The defence lawyers indicated at the end of yesterday they were not calling any witnesses.
Closing arguments on the charge under the Forest Resources Act began at 10:00 this morning.
Crown prosecutor Megan Seiling declined comment Tuesday on the judge’s ruling.
Communications analyst Catherine Young of the Department of Justice said this morning the department is reviewing the decision but did not have anything to say at this time.
The charges relate to the establishment of a placer mining lease north of Carmacks.
Goeppel and Coyne and Sons were charged with:
• building a 17-kilometre road without any authorization;
• using a bulldozer to move ground and clear land without authorization; and
• causing forest resource harvesting without authorization.
Land use regulations
Defence lawyer Richard Fowler opened up the issue of maximum penalties under the land use regulations first thing Monday morning.
He told the judge his reading of the maximum penalty for each charge under territorial legislation was $500, or six months in jail or both.
The territorial Crown, on the other hand, was maintaining the maximum penalty was $5,000 on each count, he told the judge.
Fowler argued his client, Goeppel, had the right to know exactly what the penalties are if he was convicted of the offences.
Only then could he properly advise Goeppel on how to proceed, he told the judge.
Make informed decision
“The difficulty is that any accused is entitled to make an informed decision,” Fowler argued.
“The legislation is not exactly a mastercraft of legislation, and the accused has to be able to make an informed decision.
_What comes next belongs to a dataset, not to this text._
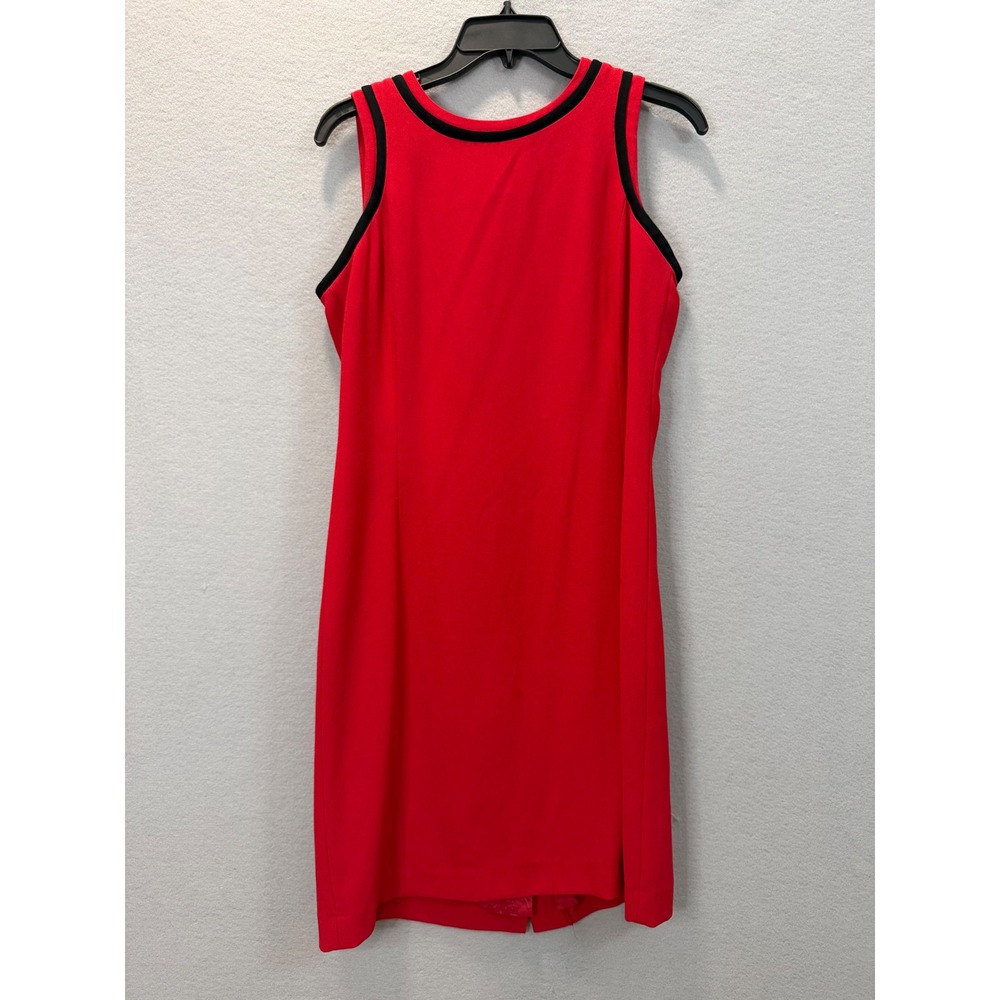 Red Petite Sheath Dress Size 6 Sleeveless Black Contrast Colorblock Office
In my submission, this has to be determined prior to proceeding.”
Defence lawyer Meagan Hannam, representing H. Coyne & Sons Ltd., was in agreement with Fowler. She argued the legislation can ultimately be read only one way.
That one way, she argued, is to find that the maximum fine is $500 and or jail time.
Both defence lawyers and Seiling made their submissions on the question of penalties before noon Monday.
Chisholm adjourned the trial until Tuesday morning to consider the arguments and rule on the question.
The territorial prosecutor told the judge Monday morning the matter over penalties was just raised with her late last week and again that morning.
Seiling acknowledged the defence lawyers might have a point about how there are two competing pieces of legislation.
But she also reminded the court about how the territorial Crown’s office has operated for years under the maximum penalty of $5,000 for land use violations.
It’s been the consistent practice of the territorial court to adopt the maximum $5,000 penalty, Seiling argued.
She said to rule otherwise now would be to frustrate what has been commonly accepted as the standard.
In this matter of interpretation, the courts should give the legislation liberal interpretation to ensure the penalties are proportionate to the offence, Seiling said in her submissions on the issue.
Not a matter of interpretation
Both Fowler and Hannam argued it was not a matter of interpretation, but a matter of reading the applicable legislation – and the applicable legislation says a maximum of $500, jail time or both.
The fact that the Crown is acknowledging competing legislation should be troubling on its own, Fowler told the judge in his submissions.
The maximum penalty on the charge under the Forest Resources Act facing both Geoppel and H. Coyne and Sons is $150,000, or one year in jail, or both.
Eric Fairclough, who was chief of the Little Salmon-Carmacks First Nation when the charges were laid last year, said staff discovered what was described as a lengthy Cat trail that was unauthorized.
He called it a black eye for the mining industry.